The wristwatch was once an absolute necessity, as much fashion statement as it was a practical piece of equipment. Phones in our pockets (and more often than not, in our faces) replaced the necessity of the wristwatch for the majority of people, and the fashion half of the equation really only interests a relatively small  subset of the population. The end result is that, aside from the recent emergence of smartwatches and fitness trackers, walking down the street it’s fairly unlikely you’ll see many people wearing a traditional watch.

But we think the scratch built wristwatch case recently shown off by [Colin Merkel] adds a new justification for wearing a watch: pride. From a chunk of steel rod stock, [Colin] walks through every step of the process to creating a professional looking watch case. This is actually his second attempt at the project; while his first one certainly didn’t look bad, he felt that he learned enough from his earlier mistakes that it was worth starting over from scratch. A man after our own heart, to be sure.

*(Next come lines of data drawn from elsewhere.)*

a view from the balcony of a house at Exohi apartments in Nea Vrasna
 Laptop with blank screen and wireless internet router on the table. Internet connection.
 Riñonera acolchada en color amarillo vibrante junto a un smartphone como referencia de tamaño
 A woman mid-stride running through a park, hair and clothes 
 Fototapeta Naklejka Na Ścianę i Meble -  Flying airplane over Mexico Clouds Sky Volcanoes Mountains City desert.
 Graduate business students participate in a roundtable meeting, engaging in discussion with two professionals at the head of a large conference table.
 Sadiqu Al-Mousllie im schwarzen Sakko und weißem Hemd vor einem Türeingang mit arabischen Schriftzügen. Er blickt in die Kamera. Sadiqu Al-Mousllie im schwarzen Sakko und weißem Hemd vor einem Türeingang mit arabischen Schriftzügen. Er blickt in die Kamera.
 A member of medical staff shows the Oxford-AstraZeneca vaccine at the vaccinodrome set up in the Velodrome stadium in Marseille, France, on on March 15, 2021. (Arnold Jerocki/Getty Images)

As you might imagine, construction of the watch is largely done on a lathe. [Colin] turns down the steel stock to create the case and case back, and eventually moves on to using a mill and grinder to cut out the strap arms.

Perhaps the most interesting part of the build is the watch face itself. [Colin] uses a CNC to cut the marks into the dial, and after several iterations settled on a very classic looking layout. He then blues the dial by placing it in a bed of aluminum chips and heating it with a torch, creating a thin layer of iron oxide on the surface. This blued surface not only looks beautiful, but will protect the surface against corrosion. Finally, the marks themselves are brightened up by an application of white nail polish.

The watch purists (don’t worry, they are out there) will no doubt cry foul to see that [Colin] used an off-the-shelf Epson Y121E watch movement instead of trying to build his own. This if of course a bit like the classic Arduino argument; when there is already a perfected platform for you to build off of, why reinvent (literally) the wheel?

But if you insist, we’ve also covered somebody who took up the challenge of building his own movement. We also have no shortage of digital watch hacks, many of which even forgo those pesky little numbers.